There are so many theories but I like mine: In 1979 when Gold hit $900 an ounce a loaf of bread cost 49 cents. And now a loaf of Wonder Bread or Grandpa Strohemans cost $1.99 on sale. Bread now costs 4 times as much as then when Gold peaked, so playing loose and fast with numbers like any politician might, I think Gold can hit $3,600 and when it does if you want to buy some, I'll start selling mine, although I am keeping my guns.
I get a few news letters and I see predictions of $2,200 per ounce by year end and further out out when current administration on the next bunch completely destroys the value of the dollar, I would bet Gold could hit $5,000 per ounce. When it does, I probably won't have any Gold left.... all the greater fools will have it all.
I noticed that nobody is mentioning Silver as a viable investment. Unlike Gold it is used in the electronics we have all come to see as necessary. What are you thoughts on investing in Silver at this time? Commodities are a good bet at this point. But the commodities fund my 401(k) fund offers has Fanny, Freddie and some banks as the main players in the fund. I was told the reason is that they buy futures in commodities so I'm thinking that is not a good fund to invest in. They are now offering GLD stock which the real gold is held in London. Our other choices just plain suck. I'm considering taking a loan on my half of my 401(k) and buying Silver, food, and ammo. Even if I couldn't pay back the loan I think I would still be ahead with the greedy managers having control of my hard earned 401(k) funds. Thoughts?

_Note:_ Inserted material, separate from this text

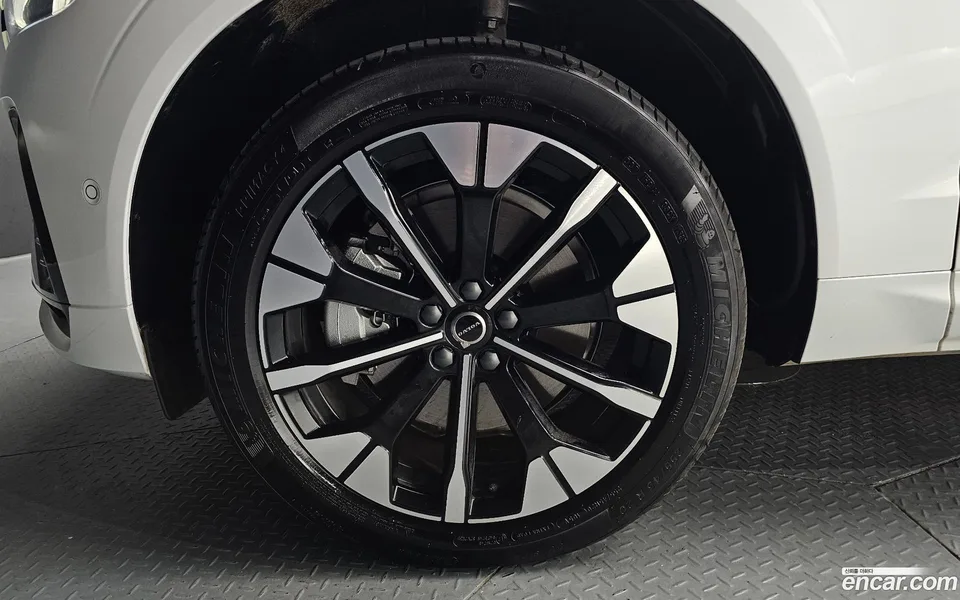 Volvo XC60 B5 2025 — миниатюра 2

At least Fleck isn't sounding too much like a used gold car salesman this week.
Mr. Laus' comments below seem quite prophetic and bear considerable pondering. If true, the question turns to where do we go from here? We meaning the American people as a whole...all 99.9%. (only a small number of mega rich really controls things). Does the rank and file citizen acquiesce and continue supporting the "great plan" to outsource the fabric of our economic and cultural souls by standing idle? I think not!

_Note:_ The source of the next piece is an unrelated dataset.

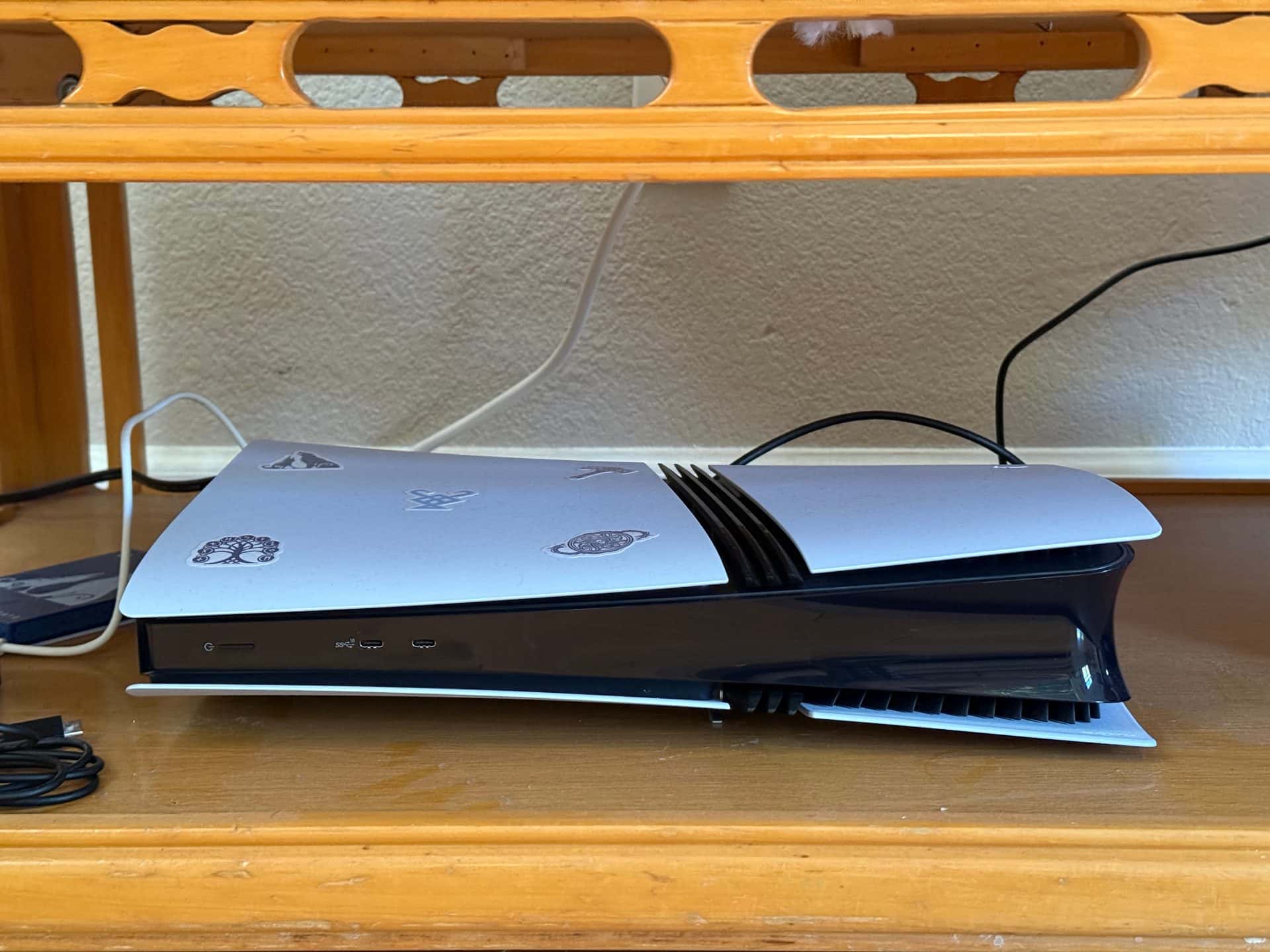 Playstation 5 Pro Console - 2 TB + 2 DualSense controllers + Charging Station 1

The American Public has graduated from wising up to mobilizing resources in the fight against the WS/D.C. demigod society that brought to the forefront the ingenious concept of welfare for the rich. Keep fighting America!

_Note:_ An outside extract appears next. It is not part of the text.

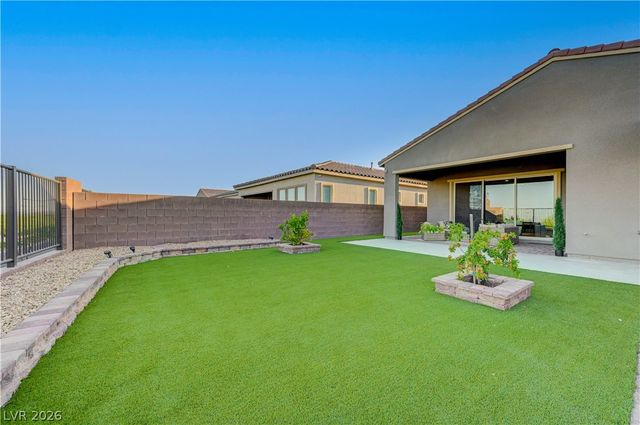 406 Nine Mile Creek Drive, Las Vegas, NV 89138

Wow! The whiners about global competition are out in force today. Trying to stop money and production flowing from high cost areas to low cost areas is like trying to plug millions of holes in a dike. We as Americans simply need to deal with the global trade situation and try to make our country more favorable versus the competition (and it is not all about labor cost).
Fleckenstein is right as usual. Inflation is occuring now and it will increase in the future. We simply don't realize it because the government is inflation's referee and scorekeeper. Gold will continue to rise in the long run until both debt and monetary policy is under control (good luck with that). If we re-elect Obama, buy gold and hunker down for long term economic stagnation.
Fool’s Gold rally. Apparently no one remembers the Gold rally leading up to 1980. That marked Gold’s high water mark of ~800 an ounce. From 1980 to 2000 Gold declined as both the Dow and S&P climbed. Only during the lost decade did the stock market stay flat allowing for commodities, including Gold, to climb. When S&P downgraded the U.S. credit from AAA to its current rating, the world didn’t flee U.S Treasuries. On the contrary, the world bought U.S. Treasuries dropping the 10 year and 30 year yields to historic low yields. With the decline of the Euro currency, the U.S. Dollar currency, the world’s reserve currency, continues to appreciate. Since Greece and other Euro countries can’t print Euros, they will have to sell assets… especially Gold. As with any demand/supply commodity, a wise investor would wait for Gold to revert to the mean and then decide whether to play this silly game. Gold is a fear holding. Unless you think that you can “time the market” in a Gold play, you do so at your investing peril. As the footnote reads, “Past Performance Does Not Guaranty Future Performance”.
Willowin said: "Unlike Gold it [silver] is used in the electronics we have all come to see as necessary."
So is gold.
Red, it's obvious that you don't have even a basic grasp of what real money is or the effects of inflation on the purchasing power of the dollar. I will answer my question posed earlier to you.
The dollar has fallen 65% in value between 1980 and 2011. So as you can see silver kept ahead of inflation acting as a hedge which is what I stated. Gold and silver are real money having been so for over 3000 years. You can't print more of it like fiat currency and physical metal has no counterparty risks. All fiat currency (including the US dollar) return to their intrinsic value which is zero.
Remember a few months ago when the hypesters were all about gold hitting $3K/oz. I said No way Jose and threw out a few common sense reasons why it wouldn't and shouldn't. That is if we wanted to have any semblance of civilization as we know it! This feels a little bit like when I was trying to tell everybody during the housing bubble to watch out. Did they listen then...??????!!!!!!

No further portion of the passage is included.